Although Schwarznegger did veto some bills, he signed some others. Of particular interest were SB 32 and AB 920, both of which would encourage the installation of renewable energy systems by consumers. From the LA Times:

SB 32, by state Sen. Gloria Negrete McLeod (D-Chino), requires utilities to purchase solar electricity from facilities that produce up to three megawatts and could increase installations on unused spaces such as warehouse roofs. The old limit was 1.5 megawatts.

[…]

Under AB 920, the state Public Utilities Commission will set a rate for utilities to compensate customers whose solar or wind systems produce more power than they use in a year. Under California’s current law, customers are not paid for any surplus electricity they feed back into the grid.

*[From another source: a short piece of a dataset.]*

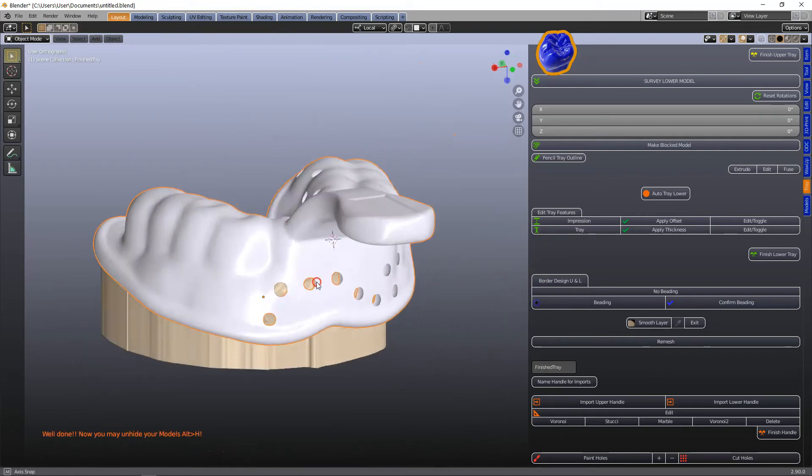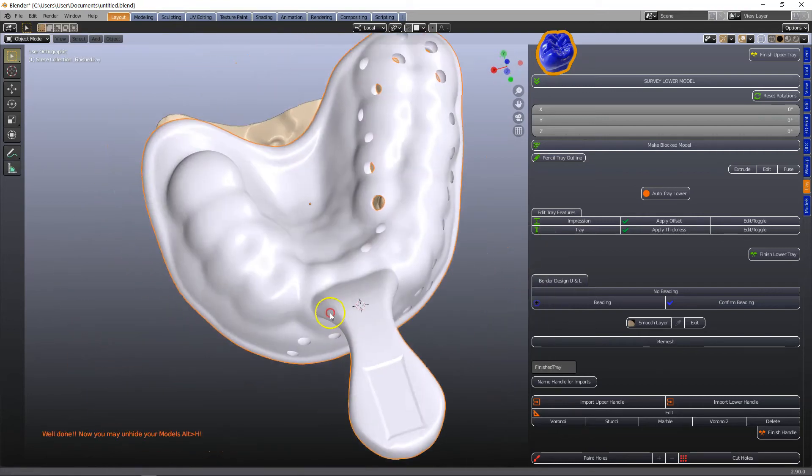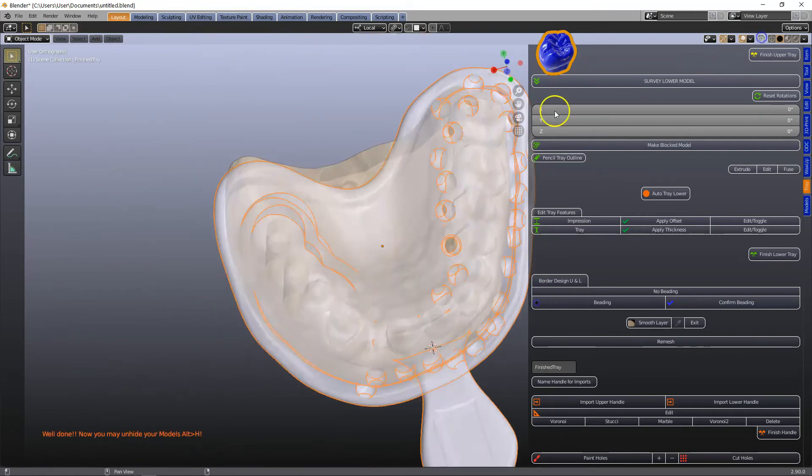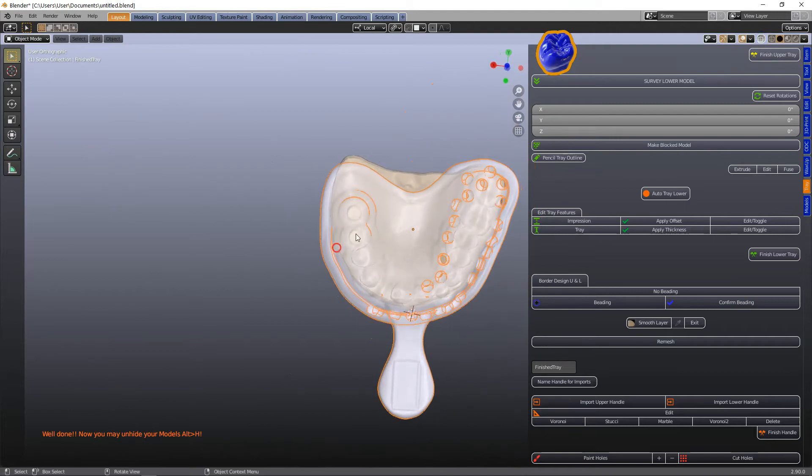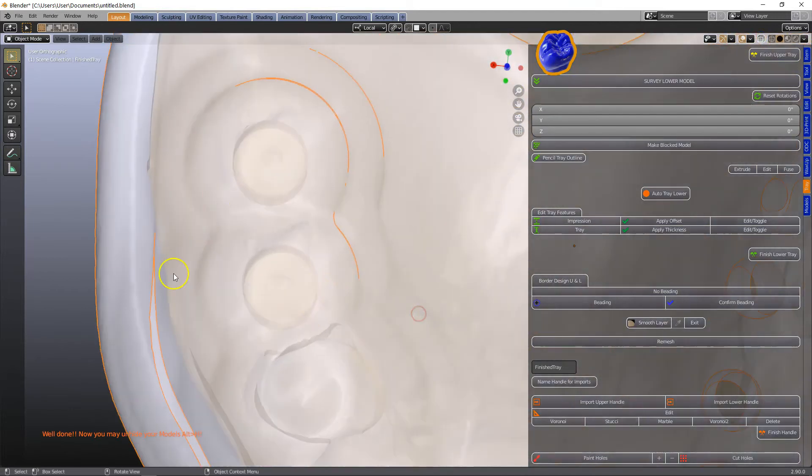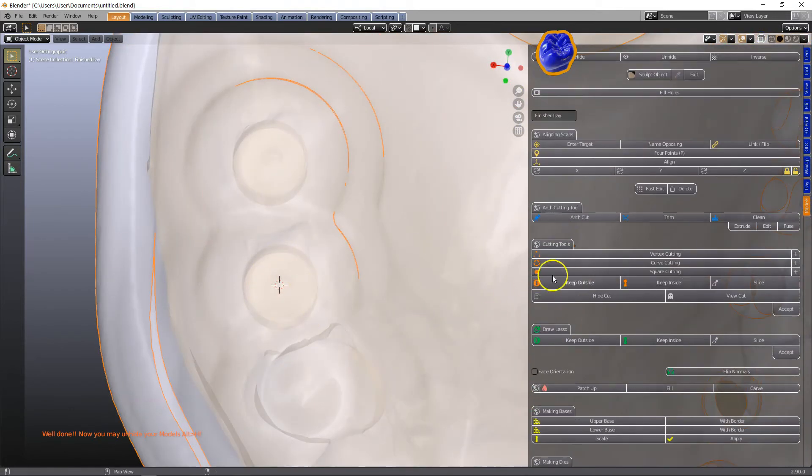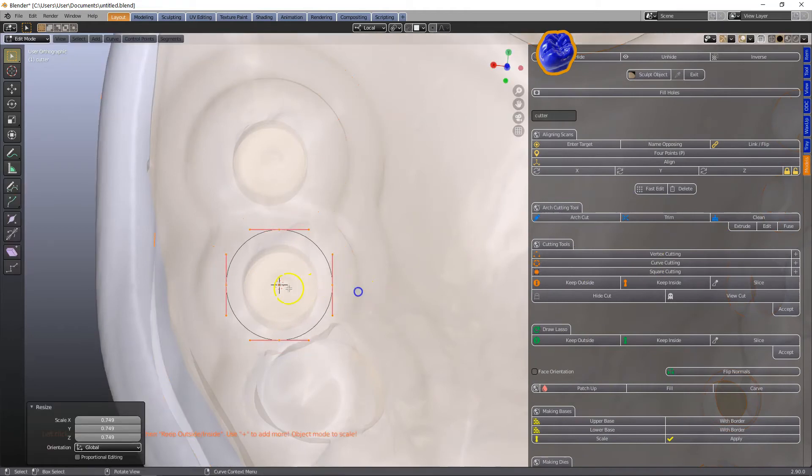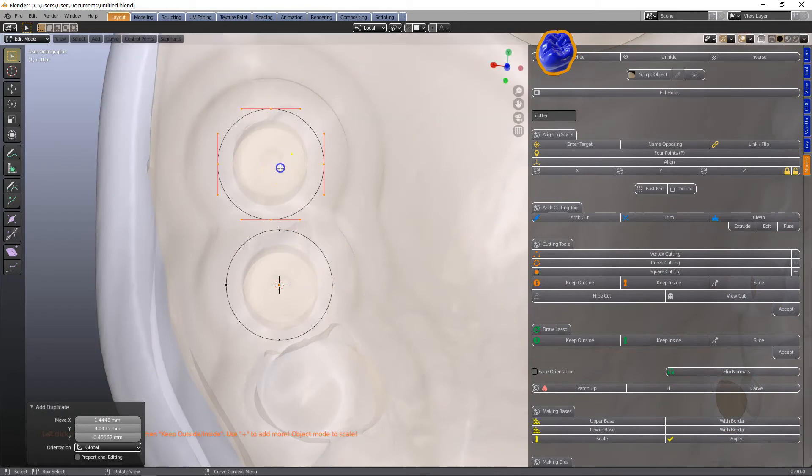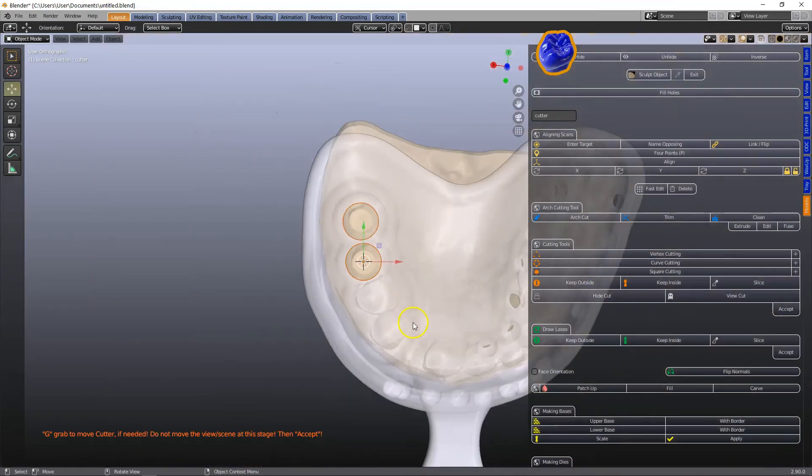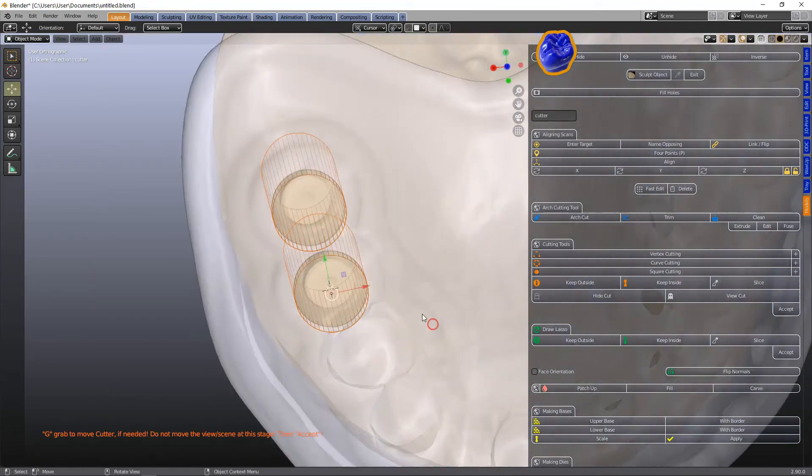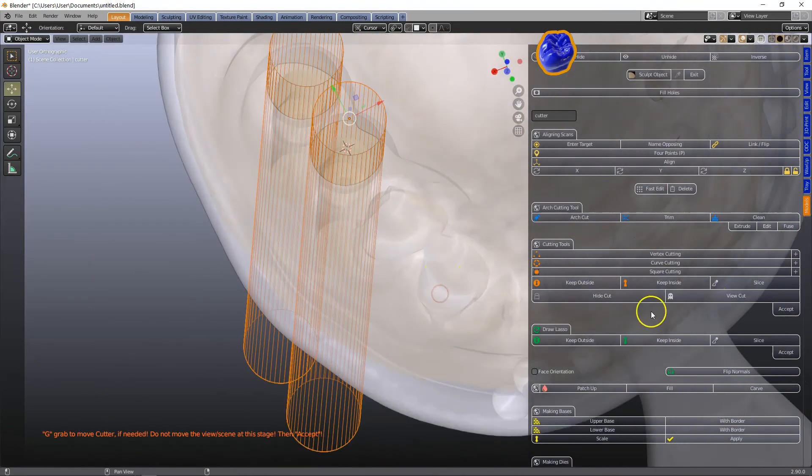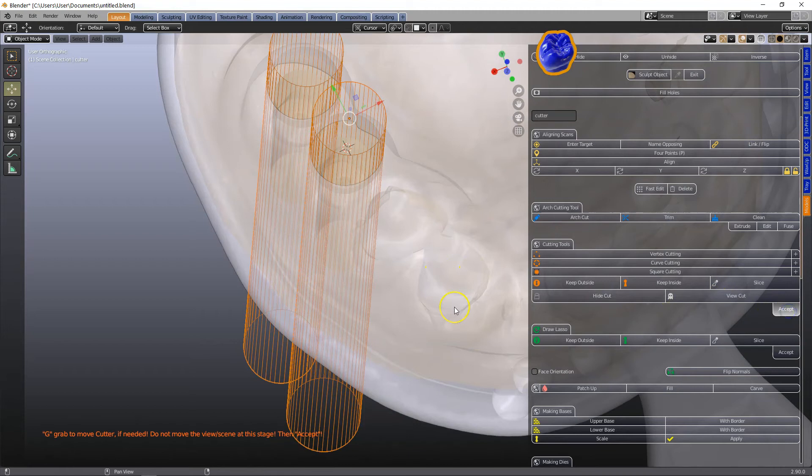Once that's done we still have to make our holes for our implant assemblies. So please go to the model designer. Click on curve cutting. Scale the curve. Shift D to duplicate it and click on keep outside. Then once you've confirmed where you want the cuts to be apply this.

Regulations that give consumers the flexibility to sell surplus energy back to utilities will encourage the installation of more renewable capability. They’re also just, well, fair. If a consumer produces more energy than they use, it shouldn’t go to waste and it shouldn’t be given free to the utility. They should get the benefit of their investment in a renewable system.

Of course, he also vetoed the bills (SB 14 and AB 64) that would have increased the state renewable portfolio standard (RPS) to 33% which would have had a much more significant effect on the installation of renewable energy capability. So he still blew it.